Versions / Dependencies

python==3.11.7 ray==2.8.0

Reproduction script

from ray import tune
from ray.tune.search.basic_variant import BasicVariantGenerator

params = {
    "x1": tune.uniform(-5, 5),
    "x2": tune.uniform(-5, 5),
}

def objective_fn(config):
    fn = (config["x1"] - 2)**2 + (config["x2"] + 3)**2
    return {"fn": fn}

searcher = BasicVariantGenerator()
tune_config = tune.TuneConfig(
    metric="fn",
    mode="min",
    search_alg=searcher,
    num_samples=200,
)

tuner = tune.Tuner(
    objective_fn, 
    tune_config=tune_config, 
    param_space=params
)
results = tuner.fit()

Issue Severity

Medium: It is a significant difficulty but I can work around it.

justinvyu commented 10 months ago

@JosephRRB What's your cluster setup (instance type, number of nodes, etc.)? I am not able to reproduce these errors on a m5.8xlarge.

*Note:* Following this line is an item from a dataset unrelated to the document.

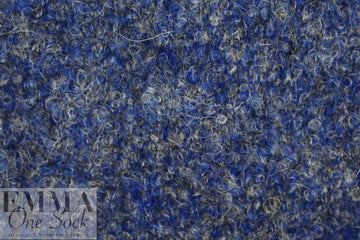 Italian ultramarine tweed boucle' wool/lycra sweater knit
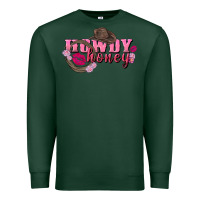 Sports Green howdy honey valentine's day Premium Sweatshirt - FaDigitalArtStudio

What's the order of magnitude of the slowdown when moving from non-Ray to Ray Tune?

justinvyu commented 10 months ago

Could you try running with tuner.Tuner(..., tune_config=tune.TuneConfig(reuse_actors=False))?

JosephRRB commented 10 months ago

Thank you for your reply!

We don't have a remote cluster setup so we are only using ray-tune in an instance locally. So we're just using 1 node and our instance type is g4dn.xlarge.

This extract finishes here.